§ **Records supplied**:
******

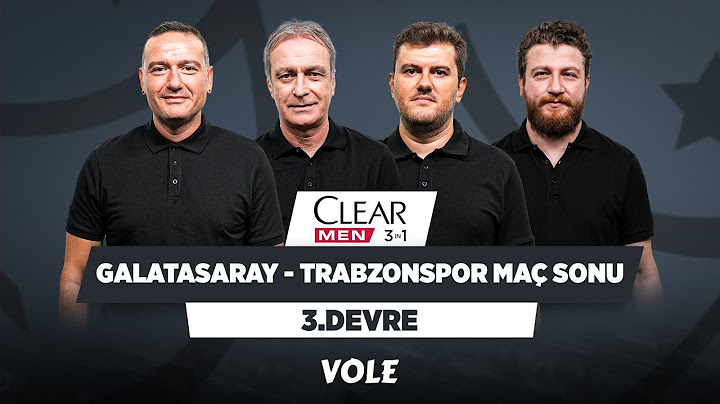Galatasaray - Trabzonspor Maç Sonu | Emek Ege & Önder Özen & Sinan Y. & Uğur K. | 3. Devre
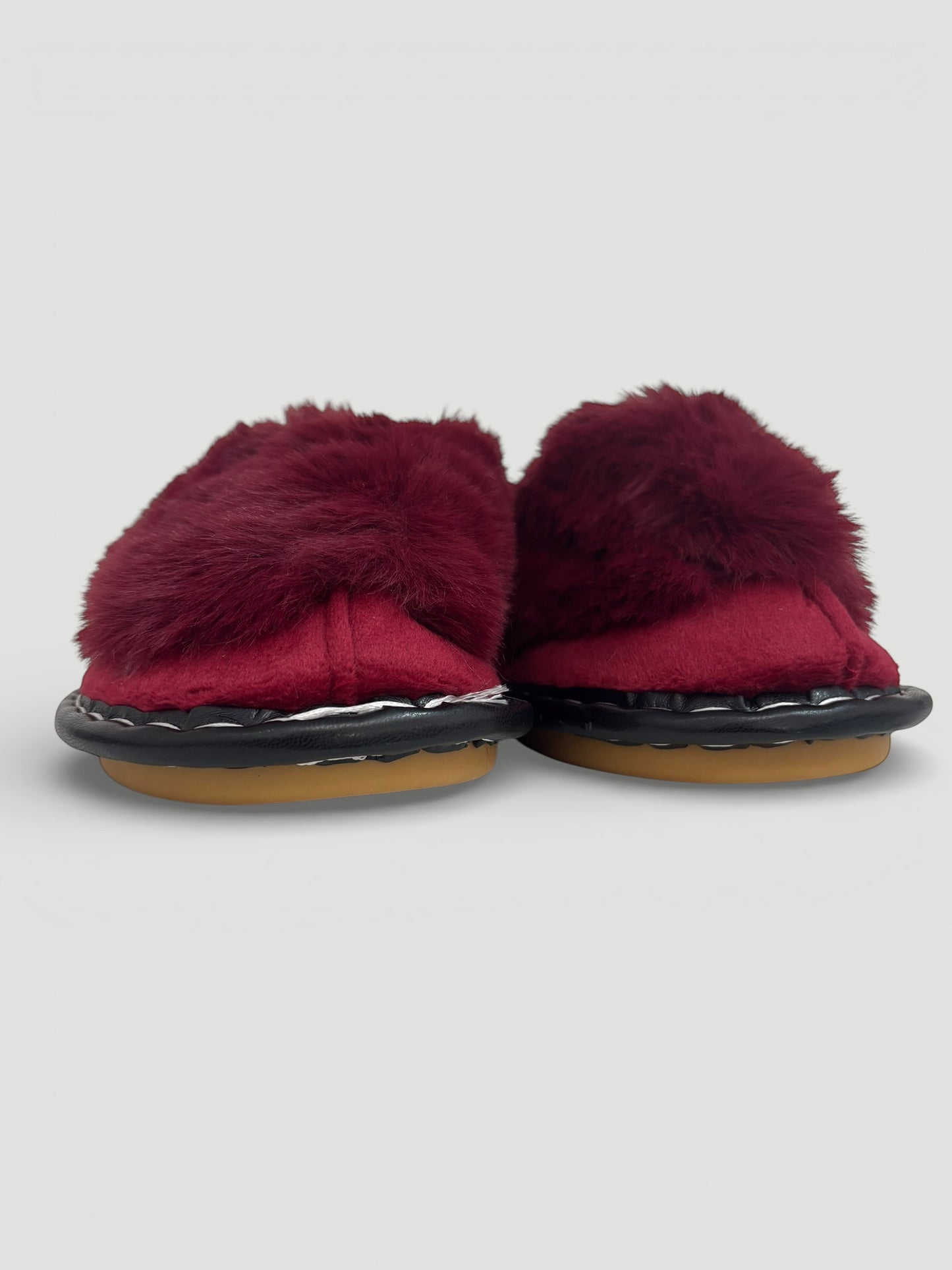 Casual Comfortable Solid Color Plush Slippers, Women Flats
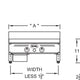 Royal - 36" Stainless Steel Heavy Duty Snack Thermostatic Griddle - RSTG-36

******

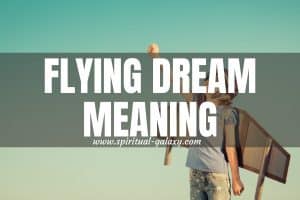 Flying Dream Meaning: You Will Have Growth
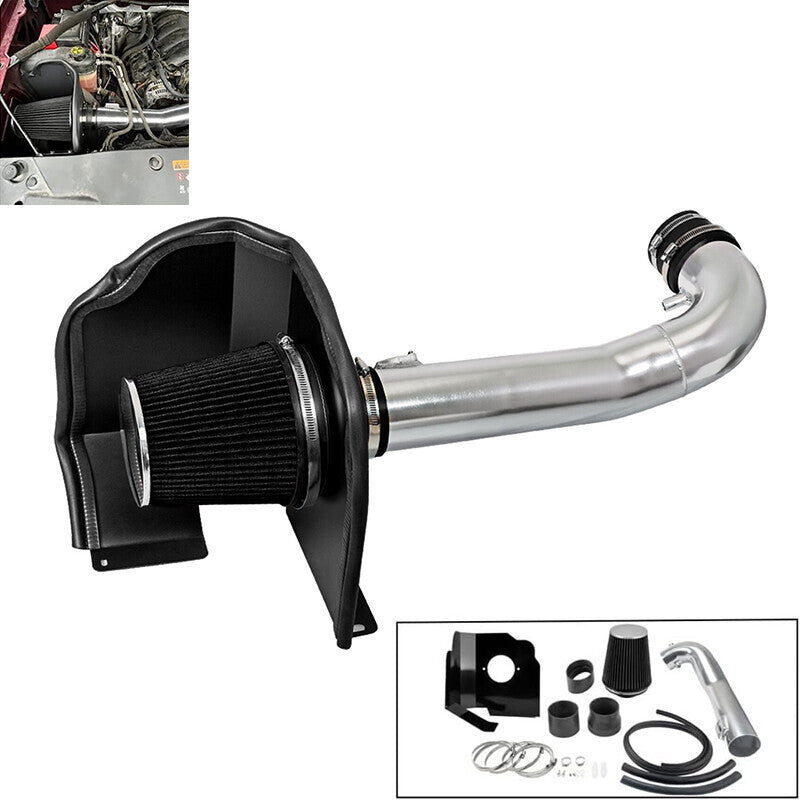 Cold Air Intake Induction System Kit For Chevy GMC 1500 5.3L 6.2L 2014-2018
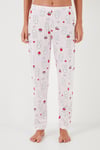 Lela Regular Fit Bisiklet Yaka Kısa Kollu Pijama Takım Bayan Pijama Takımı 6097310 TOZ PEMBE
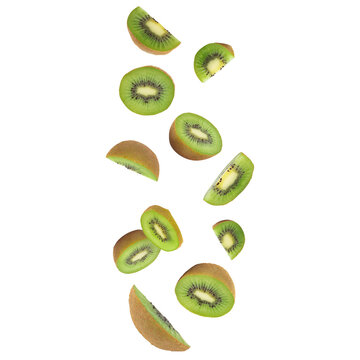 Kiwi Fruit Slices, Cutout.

******

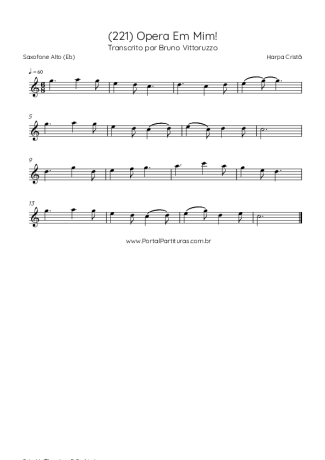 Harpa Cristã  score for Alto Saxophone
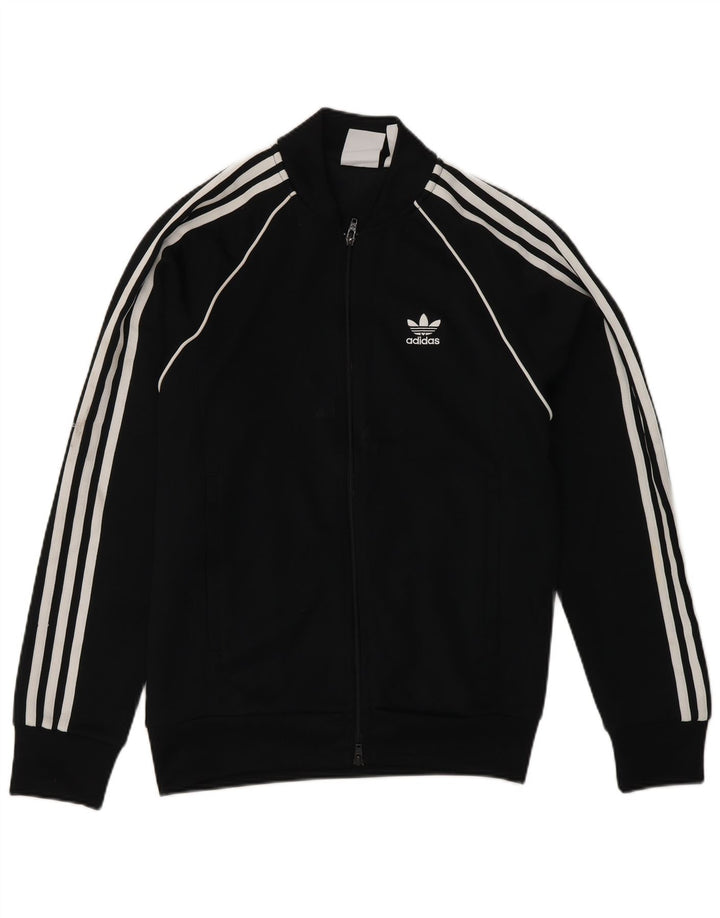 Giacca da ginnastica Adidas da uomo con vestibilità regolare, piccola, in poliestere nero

******

§ **Brief**:
From the listing above, please give again the lines that begin with the line holding "Lela Regular Fit" and go on through the line holding "Kiwi Fruit Slices, Cutout.", exactly, both ends included, minus any picture.

§ **Output for this task**:
 Lela Regular Fit Bisiklet Yaka Kısa Kollu Pijama Takım Bayan Pijama Takımı 6097310 TOZ PEMBE
 Kiwi Fruit Slices, Cutout.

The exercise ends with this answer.